§ What is needed
Would you please copy each line below that includes the string "Stylish"?

......

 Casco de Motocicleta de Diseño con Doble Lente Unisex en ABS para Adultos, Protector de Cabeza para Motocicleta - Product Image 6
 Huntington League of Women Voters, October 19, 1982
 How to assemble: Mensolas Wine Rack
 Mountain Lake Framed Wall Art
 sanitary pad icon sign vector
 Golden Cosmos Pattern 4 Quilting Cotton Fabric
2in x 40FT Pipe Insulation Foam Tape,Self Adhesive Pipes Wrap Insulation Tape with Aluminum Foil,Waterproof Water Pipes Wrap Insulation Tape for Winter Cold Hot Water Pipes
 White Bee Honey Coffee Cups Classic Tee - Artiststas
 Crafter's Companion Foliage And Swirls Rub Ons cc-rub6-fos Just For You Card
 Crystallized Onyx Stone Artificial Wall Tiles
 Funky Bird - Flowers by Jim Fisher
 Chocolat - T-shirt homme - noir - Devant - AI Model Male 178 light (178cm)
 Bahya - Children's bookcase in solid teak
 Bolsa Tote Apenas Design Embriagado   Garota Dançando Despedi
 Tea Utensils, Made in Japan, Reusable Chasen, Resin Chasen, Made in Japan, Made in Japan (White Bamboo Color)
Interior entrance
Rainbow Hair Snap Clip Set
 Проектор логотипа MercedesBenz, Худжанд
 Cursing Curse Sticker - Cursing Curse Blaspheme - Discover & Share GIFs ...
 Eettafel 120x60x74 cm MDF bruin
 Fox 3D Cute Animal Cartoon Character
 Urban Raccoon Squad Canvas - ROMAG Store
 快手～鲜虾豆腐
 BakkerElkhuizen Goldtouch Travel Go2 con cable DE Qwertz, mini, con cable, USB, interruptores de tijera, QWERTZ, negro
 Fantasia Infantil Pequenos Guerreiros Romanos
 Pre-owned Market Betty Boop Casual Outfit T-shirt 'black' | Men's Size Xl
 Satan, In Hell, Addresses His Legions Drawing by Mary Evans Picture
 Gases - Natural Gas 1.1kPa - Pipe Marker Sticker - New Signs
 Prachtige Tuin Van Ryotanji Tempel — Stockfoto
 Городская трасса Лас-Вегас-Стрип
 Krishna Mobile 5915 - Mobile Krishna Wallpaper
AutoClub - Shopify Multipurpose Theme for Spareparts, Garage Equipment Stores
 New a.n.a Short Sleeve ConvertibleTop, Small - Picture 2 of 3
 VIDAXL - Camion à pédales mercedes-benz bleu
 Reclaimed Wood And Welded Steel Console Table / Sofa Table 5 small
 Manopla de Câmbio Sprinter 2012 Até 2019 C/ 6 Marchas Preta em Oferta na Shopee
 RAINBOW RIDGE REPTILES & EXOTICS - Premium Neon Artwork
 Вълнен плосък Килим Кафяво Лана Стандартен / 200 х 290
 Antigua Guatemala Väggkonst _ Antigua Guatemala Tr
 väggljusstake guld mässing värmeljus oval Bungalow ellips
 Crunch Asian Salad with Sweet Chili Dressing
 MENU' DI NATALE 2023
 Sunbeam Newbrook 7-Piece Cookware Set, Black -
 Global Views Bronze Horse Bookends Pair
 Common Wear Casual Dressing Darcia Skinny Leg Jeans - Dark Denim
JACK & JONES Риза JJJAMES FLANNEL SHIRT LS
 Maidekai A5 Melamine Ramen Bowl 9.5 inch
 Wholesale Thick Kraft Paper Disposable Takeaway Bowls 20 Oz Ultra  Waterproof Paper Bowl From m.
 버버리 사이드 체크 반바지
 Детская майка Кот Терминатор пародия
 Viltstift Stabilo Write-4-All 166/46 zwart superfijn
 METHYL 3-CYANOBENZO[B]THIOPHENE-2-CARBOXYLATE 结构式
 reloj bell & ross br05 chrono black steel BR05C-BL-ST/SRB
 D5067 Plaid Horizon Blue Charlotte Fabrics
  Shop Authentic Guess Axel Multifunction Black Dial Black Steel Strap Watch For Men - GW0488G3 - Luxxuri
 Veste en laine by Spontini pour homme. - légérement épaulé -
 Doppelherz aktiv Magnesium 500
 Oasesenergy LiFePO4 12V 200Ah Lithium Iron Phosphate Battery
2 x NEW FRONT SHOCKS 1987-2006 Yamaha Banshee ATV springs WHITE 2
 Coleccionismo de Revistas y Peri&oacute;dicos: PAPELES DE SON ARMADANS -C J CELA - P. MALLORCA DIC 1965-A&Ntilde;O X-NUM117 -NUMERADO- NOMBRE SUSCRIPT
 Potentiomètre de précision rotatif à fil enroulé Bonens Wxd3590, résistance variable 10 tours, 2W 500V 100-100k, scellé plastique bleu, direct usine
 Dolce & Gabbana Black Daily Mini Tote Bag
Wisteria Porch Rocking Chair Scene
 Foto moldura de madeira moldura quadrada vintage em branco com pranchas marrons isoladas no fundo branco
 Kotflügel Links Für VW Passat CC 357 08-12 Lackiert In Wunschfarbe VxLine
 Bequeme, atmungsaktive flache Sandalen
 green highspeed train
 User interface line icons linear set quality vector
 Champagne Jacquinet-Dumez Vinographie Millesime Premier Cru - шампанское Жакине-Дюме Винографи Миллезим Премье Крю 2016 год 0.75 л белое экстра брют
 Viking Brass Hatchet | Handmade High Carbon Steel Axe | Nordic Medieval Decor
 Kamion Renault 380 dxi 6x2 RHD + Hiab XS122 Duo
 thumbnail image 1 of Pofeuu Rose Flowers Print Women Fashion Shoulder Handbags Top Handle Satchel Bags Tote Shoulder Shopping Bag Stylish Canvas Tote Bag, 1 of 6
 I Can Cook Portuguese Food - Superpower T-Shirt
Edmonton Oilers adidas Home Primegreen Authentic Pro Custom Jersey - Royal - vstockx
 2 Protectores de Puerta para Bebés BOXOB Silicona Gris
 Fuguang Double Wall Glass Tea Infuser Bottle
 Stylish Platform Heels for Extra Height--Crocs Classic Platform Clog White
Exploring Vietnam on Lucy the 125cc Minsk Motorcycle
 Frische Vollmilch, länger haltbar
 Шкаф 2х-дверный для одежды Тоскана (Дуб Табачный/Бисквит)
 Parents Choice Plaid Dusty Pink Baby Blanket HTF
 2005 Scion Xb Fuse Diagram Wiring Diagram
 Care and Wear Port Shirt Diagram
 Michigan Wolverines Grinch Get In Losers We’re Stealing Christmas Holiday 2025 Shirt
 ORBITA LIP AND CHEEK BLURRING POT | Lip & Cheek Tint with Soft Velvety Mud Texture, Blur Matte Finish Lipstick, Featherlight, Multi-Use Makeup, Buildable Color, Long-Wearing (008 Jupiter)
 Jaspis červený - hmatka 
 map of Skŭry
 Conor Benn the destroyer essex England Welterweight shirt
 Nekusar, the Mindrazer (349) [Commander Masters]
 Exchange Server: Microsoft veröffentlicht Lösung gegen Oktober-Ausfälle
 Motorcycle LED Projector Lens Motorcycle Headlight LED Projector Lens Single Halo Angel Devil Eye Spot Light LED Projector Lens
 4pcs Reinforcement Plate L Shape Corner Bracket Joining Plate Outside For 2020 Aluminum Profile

......

§ Response area
 thumbnail image 1 of Pofeuu Rose Flowers Print Women Fashion Shoulder Handbags Top Handle Satchel Bags Tote Shoulder Shopping Bag Stylish Canvas Tote Bag, 1 of 6
 Stylish Platform Heels for Extra Height--Crocs Classic Platform Clog White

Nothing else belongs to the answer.